Mientras Don Miguel disfrutaba en su casa de campaña con las tres jóvenes gitanas enviadas allí a cumplir con su deber, Carmela hacía una fogata con las demás gitanas que formaban parte de ese tipo de “harén” encubierto de clan gitano aparentemente normal, con hombres que figuraban como esposos de ellas y un Consejo de Ancianos (o la Prash).

 

Todos ellos coludidos con Don Miguel en esa farsa de proxenetismo, chantajeados con los beneficios que Don Miguel obtenía de sus amigos allegados al rey. Eran un clan falso, lleno de delincuentes y malvivientes, que había logrado engañar a todos los demás clanes gitanos. 


Las jóvenes habían sido gitanas que en su prueba del pañuelo no habían tenido pétalos. Porque Carmela había falseado la prueba para hacer que su pueblo las despreciara y luego llevarlas con engaños al clan a servir a su esposo y sus conocidos en la corte del rey.

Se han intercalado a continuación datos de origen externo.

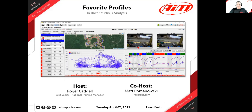Welcome everyone to our 88th webinar of this series that we started a little over a year ago. We have Matt Romanowski here from Trail Break joining us again. What we're going to talk about is favorite profiles in Race Studio 3 analysis — that's the topic and title we have come up with.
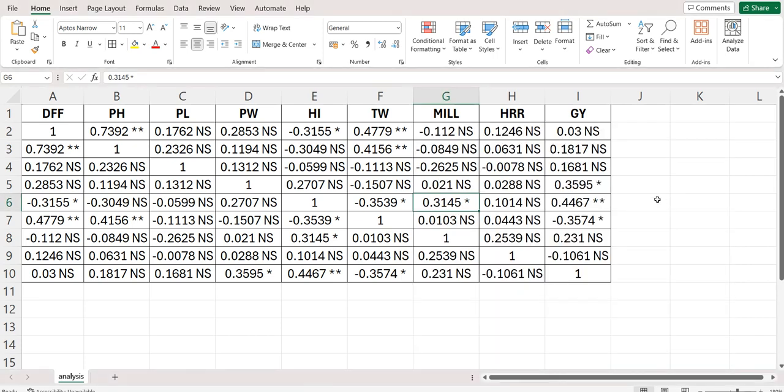Namaste friends, welcome to AgriAnalyze. This video is about genotypic correlation using AgriAnalyze platform.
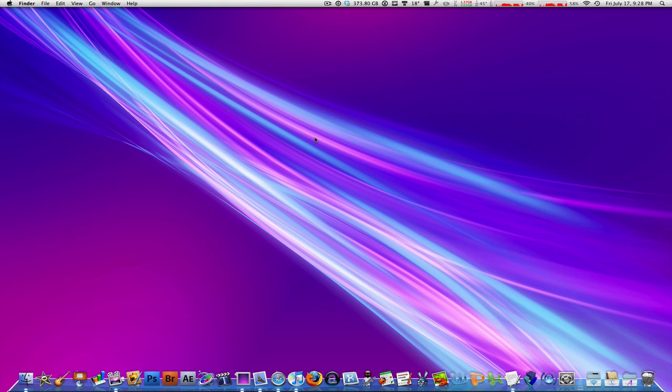Hey, what's up everyone, macboy here from macboy productions. Today I'm going to be showing you how to make Firefox 3.0 or the latest version of Firefox on your Mac faster.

También las ofrecían como esposas a todos los malvivientes que colaboraban con Don Miguel en mantener la farsa de ese clan gitano. 

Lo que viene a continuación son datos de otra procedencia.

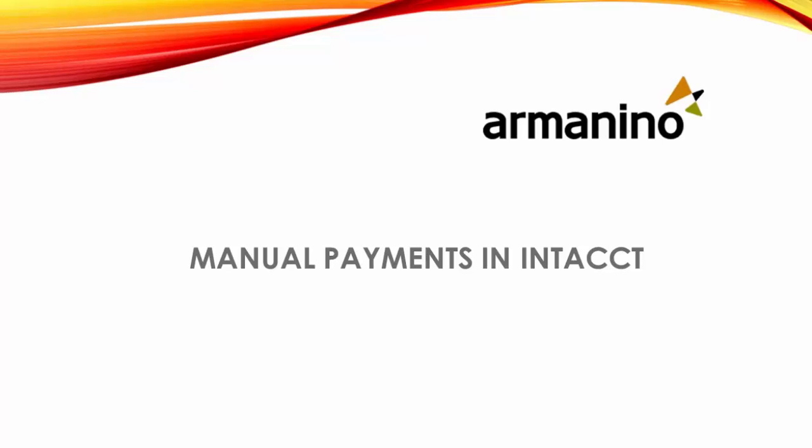This actually used to be called manual check until the 2016 release number four where Intacct made available other payment methods to use such as charge card, cash, and record transfer.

Ellas, las mujeres del clan, vivían engañadas, con la baja autoestima de creer que ya no eran vírgenes y que no merecían una familia digna como cualquier otra gitana, se resignaban y conformaban con su destino.


El clan se dedicaba a artes adivinatorias y espectáculos de malabaristas, adiestramiento de animales para el espectáculo, música y danza. Eran vistos como artistas respetados. Sin embargo, las gitanas además de leer la buena ventura y dar espectáculos artísticos, eran ofrecidas a los extranjeros para que pasaran momentos de placer con ellas. 


Ese era el destino que le deparaba a Saraí en manos de aquella mujer, que le había hecho creer que la querría como la hija que nunca tuvo. La que le arruinó su prueba del pañuelo fingiendo que no había tenido pétalos, cuando en realidad jamás fue introducido. 


Saraí seguía siendo virgen y sería entregada como ofrenda al rey Enrique IV de Castilla, para intentar que venciera su impotencia en la intimidad con la juvenil frescura virginal de la gitana.


Pero ese truco ya lo habían intentado con las demás jóvenes gitanas que habían engañado y llevado con ellos, ¿pasaría lo mismo con Sarahí? ¿Ella también fracasaría en su misión de quitarle la impotencia al rey Enrique IV de Castilla? o ¿sería el amuleto de la buena suerte que Don Miguel necesitaba para conseguir salvoconductos, oro, riquezas y demás favores de las coronas y los reinos de la Península Ibérica, para entrar victorioso y con honores a Las Españas?